Miller writes of the "legs crossed in front of her in a manner entirely unfamiliar in representations of either popular female deities or images of empresses known from the period. Instead, her cross-legged position resembles Buddhist images but also, perhaps a product of competition between the two religions...." (p. 126)

The sage goddess is surrounded by other clay figures, mostly contemporary with her but a few (including the one of the left here) from the much later Ming Dynasty.

The figure on the right is Ming; that on the left, Song.

Miller, once again: The "attendant figures within the Sage Mother Hall are considered to be some of the best Northern Song-dynasty works extant." (p. 129)

The ridge of the Sage Mother Hall 3; the central kiosk stands over the Eternal Youth Spring.

Balustrade of the Dressing Tower.

A balustrade detail.

The Eternal Youth Spring is the most productive of the trio.

Immediately below the springs, the waters are divided into shares, physically separated as shown here by three holes to one side, seven to the other.

The kiosk in the distance stands over the Perfect Benefit Spring, whose water flows into the Octagonal Pool in the foreground. On the right are stairs leading to the shrine of Shu Yu.

The shrine to Shu Yu of Tang, which was rebuilt in 1770-71. Unlike the Sage Mother Hall, the shrine consists of several buildings along a nearly-cardinal axis.

Musicians in a hall before the Shu Yu shrine.
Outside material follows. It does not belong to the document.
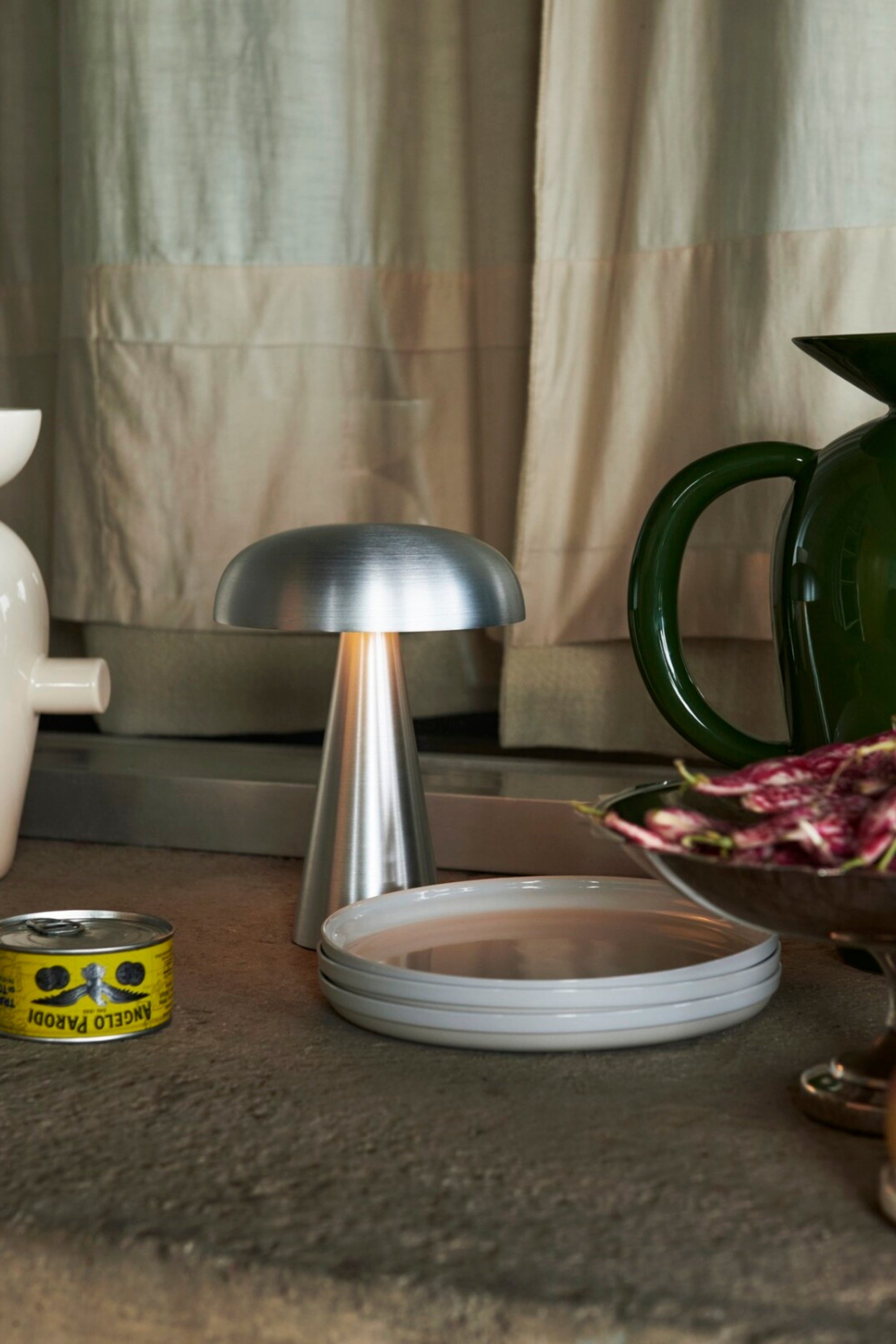 Como aluminium portable table lamp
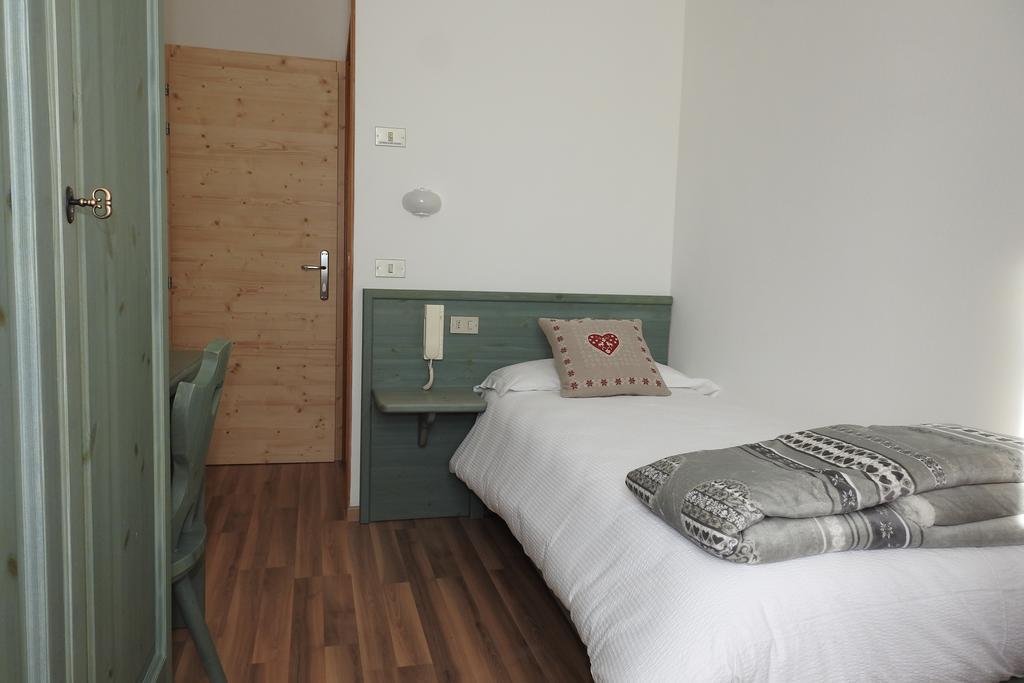 Casa Salvaterra Affittacamere Pinzolo Buitenkant foto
Miller writes, "For the elite of China, from warlords of the sixth century CE to literati of the seventeenth century, Shu Yu of Tang was the most important deity worshiped at the site of Jinci...The archaeological record suggests that the original fief of Tang was located not in the Taiyuan basin but rather much further to the south.... The Shu Yu Shrine was most likely placed at the site of the Jin Springs in an effort to gain control over the strategically important Taiyuan basin through the support of local spirits" (p. 37). Miller writes, "The reason for building a shrine to Shu Yu at the site of Jinci was most likely because the Jin River was the eponym for the Jin state..." (p. 57).

In the last few decades, Jinci has been greatly expanded with a neatly organized lineup of souvenir sellers.

The entrance has been upgraded with several large buildings along the approach axis, as though the iconography of the Forbidden City has vanquished every other possible architectural idea.

Today, Jinci has what it never before had, the classic processional axis.

A tower around which traffic must circle.

Statuary glorifies the martial past.

A better last look. Out of sight in the foreground is the channel of the Jin River, guarded by its protective deity.